In this code, we will review the structure of a multi head attention module using self attention.

The goal in this notebook is not to create a training mechanism that trains the multihead attention weights (that will be abother notebook).  

Moreover, the goal is to be able to see how self attention - and multi head attention by extention -  look and interact in code.

This version of sef attention is not the most rubust, clean, nor efficient implementation; rather, it aims to be a gentle introduction to enable understanding more complicated architecture.

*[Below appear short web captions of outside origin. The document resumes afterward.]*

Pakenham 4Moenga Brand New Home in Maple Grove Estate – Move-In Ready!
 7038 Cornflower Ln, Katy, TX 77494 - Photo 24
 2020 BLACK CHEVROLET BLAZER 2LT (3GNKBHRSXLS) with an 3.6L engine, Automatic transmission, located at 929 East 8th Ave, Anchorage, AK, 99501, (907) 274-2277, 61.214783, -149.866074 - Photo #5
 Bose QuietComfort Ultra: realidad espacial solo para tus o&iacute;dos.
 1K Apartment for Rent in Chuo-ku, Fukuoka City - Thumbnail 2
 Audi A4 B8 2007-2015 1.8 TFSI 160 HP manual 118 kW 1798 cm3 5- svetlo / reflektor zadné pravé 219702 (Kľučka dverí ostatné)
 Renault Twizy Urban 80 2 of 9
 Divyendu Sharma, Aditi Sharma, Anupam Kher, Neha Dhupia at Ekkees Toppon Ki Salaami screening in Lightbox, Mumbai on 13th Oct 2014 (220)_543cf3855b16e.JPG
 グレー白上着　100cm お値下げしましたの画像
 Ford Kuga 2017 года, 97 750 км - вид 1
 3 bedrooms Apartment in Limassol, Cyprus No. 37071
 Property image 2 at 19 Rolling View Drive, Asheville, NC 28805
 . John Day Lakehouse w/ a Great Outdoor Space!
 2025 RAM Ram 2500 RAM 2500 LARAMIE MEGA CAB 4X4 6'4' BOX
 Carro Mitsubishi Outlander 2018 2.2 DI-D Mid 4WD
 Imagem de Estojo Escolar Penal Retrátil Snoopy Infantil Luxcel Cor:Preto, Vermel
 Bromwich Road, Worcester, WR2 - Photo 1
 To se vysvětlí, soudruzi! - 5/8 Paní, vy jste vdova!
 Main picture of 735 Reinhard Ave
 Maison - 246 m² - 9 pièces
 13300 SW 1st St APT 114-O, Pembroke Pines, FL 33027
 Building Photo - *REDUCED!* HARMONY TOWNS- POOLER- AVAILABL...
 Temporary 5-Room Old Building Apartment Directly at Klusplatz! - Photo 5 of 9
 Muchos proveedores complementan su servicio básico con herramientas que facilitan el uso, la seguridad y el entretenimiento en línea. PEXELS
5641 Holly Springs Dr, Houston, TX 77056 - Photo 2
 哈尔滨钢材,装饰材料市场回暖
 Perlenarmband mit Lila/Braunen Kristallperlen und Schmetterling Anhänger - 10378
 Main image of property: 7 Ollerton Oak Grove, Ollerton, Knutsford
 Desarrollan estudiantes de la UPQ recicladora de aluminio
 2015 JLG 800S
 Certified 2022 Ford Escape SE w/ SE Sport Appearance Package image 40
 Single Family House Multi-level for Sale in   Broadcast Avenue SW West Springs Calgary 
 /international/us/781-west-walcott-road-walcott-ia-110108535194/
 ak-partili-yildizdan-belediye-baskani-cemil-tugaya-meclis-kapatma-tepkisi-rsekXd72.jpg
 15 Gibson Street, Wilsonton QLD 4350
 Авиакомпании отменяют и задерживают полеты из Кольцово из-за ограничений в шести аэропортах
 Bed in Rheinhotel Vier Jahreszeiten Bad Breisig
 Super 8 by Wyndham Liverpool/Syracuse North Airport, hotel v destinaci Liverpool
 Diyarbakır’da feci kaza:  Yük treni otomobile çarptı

We recommend that you understand self attention theoretically before trying to understand this code.  If you're unfamiliar with how attention works (particually the significance of queries, keys, and values), check out our guide to self attention:

https://github.com/ArjunSohur/transformergallery/blob/main/README.md

The code is heavily based off of the article:

https://medium.com/the-dl/transformers-from-scratch-in-pytorch-8777e346ca51

This article seemed to have the most consie and down-to-first-principles based self attention implementation we've seen.  Since it helped us in our journey to understanding multi head attention, we think it can greatly benefit you as well!

Enjoy!

### Imports

In [1]:
import torch
import torch.nn as nn
from torch import Tensor
import torch.nn.functional as f

### Self Attention Head

Let's start with implementing a single self attention head.  The most common formula for self attention is the scaled dot product attention: $$\text{attention(Q, K, V)} = \text{softmax}(\frac{QK^T}{\sqrt{d_{QK}}})V$$
Where $Q, K \in \mathbb{R}^{n \text{ } \times \text{ } d_{QK}} \text{ and } V \in \mathbb{R}^{n \text{ } \times \text{ } d_V } $.  If you are confused about what these $Q, K, \text{ and } V$ come from, check out our explanation:
https://github.com/ArjunSohur/transformergallery/blob/main/README.md

Our first task will be creating this formula.  The biggest challenge - and one that we will encounter quite often - will be making sure that the dimensions of our matrices match up for matric multiplication.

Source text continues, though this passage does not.